Often, a great mathematical advance not only answers a major question, but also provides a new avenue of exploration to try against other problems. Laurent Fargues and Jean-Marc Fontaine created a new geometric object around 2010 that helped their own research. But when combined with Peter Scholze’s ideas surrounding perfectoid spaces, the Fargues-Fontaine curve took on expanded significance, further connecting number theory and geometry as part of the decades-old Langlands program. “It’s some kind of wormhole between two different worlds,” said Scholze.

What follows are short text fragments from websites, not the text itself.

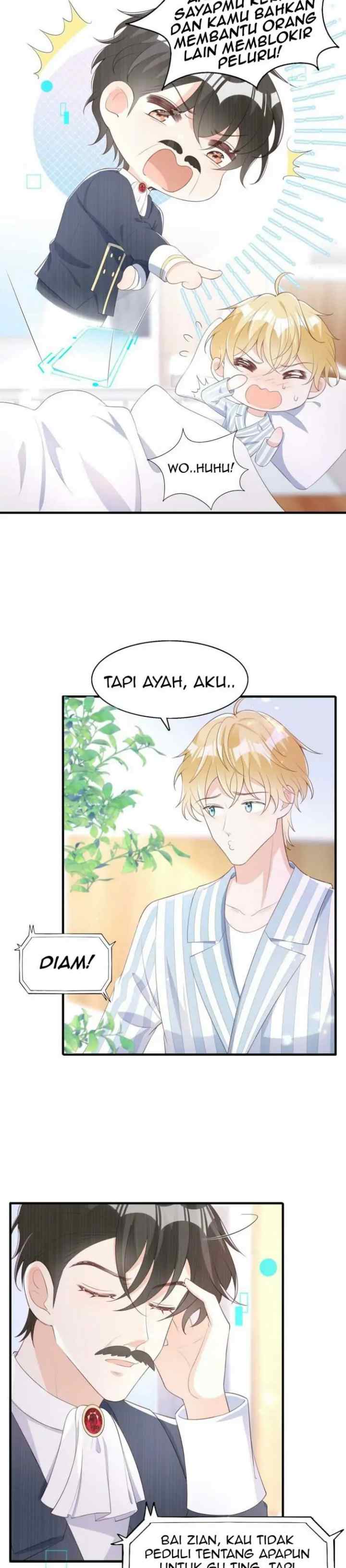 He, the Villain, Is Forced to Be the Favorite One chapter 7 halaman 6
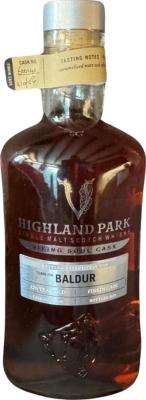 Highland Park 2007 Tears for Baldur Viking Soul Cask 56.5% 700ml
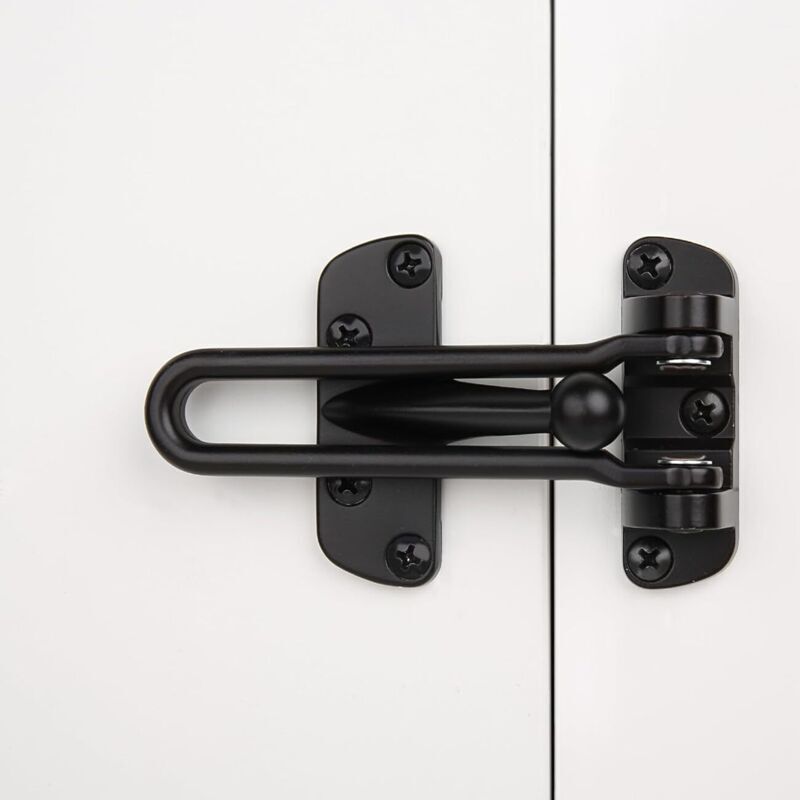 (10,4 × 6,4 × 2,2) Sicherheitstürschloss Für Wohnhäuser. Drehriegel. Diebstahlsicherer Schutzriegel Für Haus- Und Innentüren.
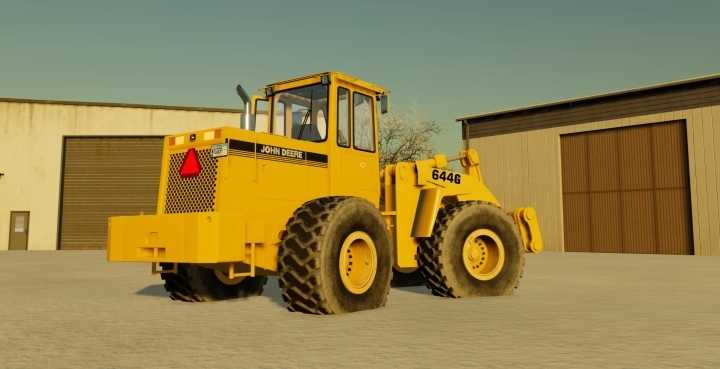 John Deere 644G Wheel Loader V1.0 FS22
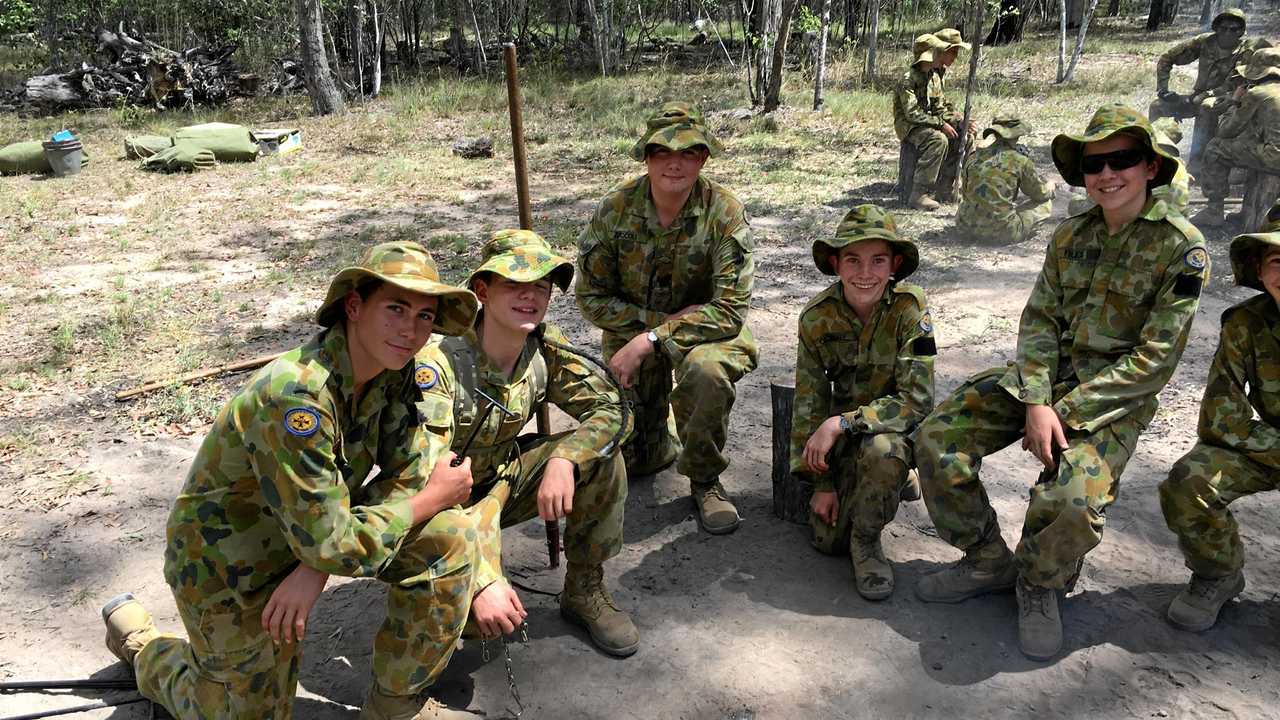 Toowoomba cadet unit deployed The Courier Mail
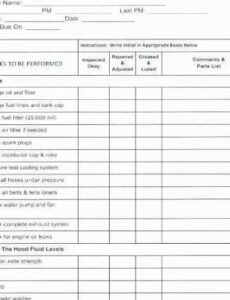 free 54 free maintenance planning and scheduling templates excel fleet maintenance proposal template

Other ruminations on the Langlands program included an interview with Ana Caraiani, whose work has helped strengthen and improve similar connections between disparate areas of math, and an examination of the Galois groups of symmetries at the heart of the original Langlands conjectures.

## Introduction

## Math and Computers Join Forces

Real-world systems are notoriously complicated, and partial differential equations (PDEs) help researchers describe and understand them. But PDEs are also notoriously difficult to solve. Two new kinds of neural networks — DeepONet and the Fourier neural operator — have emerged to make this work easier. Both have the power to approximate operators, which can transform functions into other functions, effectively allowing the nets to map an infinite-dimensional space onto another infinite-dimensional space. The new systems solve existing equations faster than conventional methods, and they may also help provide PDEs for systems that were previously too complicated to model.

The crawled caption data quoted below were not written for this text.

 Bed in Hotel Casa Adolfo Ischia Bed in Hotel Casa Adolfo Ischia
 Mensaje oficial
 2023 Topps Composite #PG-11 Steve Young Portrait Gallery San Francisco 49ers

In fact, computers have proved helpful to mathematicians in various ways this year. In January, *Quanta* reported on new algorithms for quantum computers that would allow them to process nonlinear systems, where interactions can affect themselves, by first approximating them as simpler, linear ones. Computers also continued to push mathematical research forward when a team of mathematicians used modern hardware and algorithms to prove that there are no more types of special tetrahedra than the ones discovered 26 years ago, and — more dramatically — when a digital proof assistant named Lean verified the correctness of an inscrutable modern proof.

## Introduction

## Math Meets Physics, Again

Physics and mathematics have always overlapped, inspiring and advancing each other. The concept of quantum field theory, a catchall that physicists use to describe frameworks that involve quantum fields, has been enormously successful, but it rests on shaky mathematical ground. Bringing mathematical rigor to quantum field theory would help physicists work in and expand that framework, but it would also give mathematicians a new set of tools and structures to play with. In a four-part series, *Quanta* examined the main issues currently getting in mathematicians’ way, explored a smaller-scale success story in two dimensions, discussed the possibilities with QFT specialist Nathan Seiberg, and explained in a video the most prominent QFT of all: the Standard Model.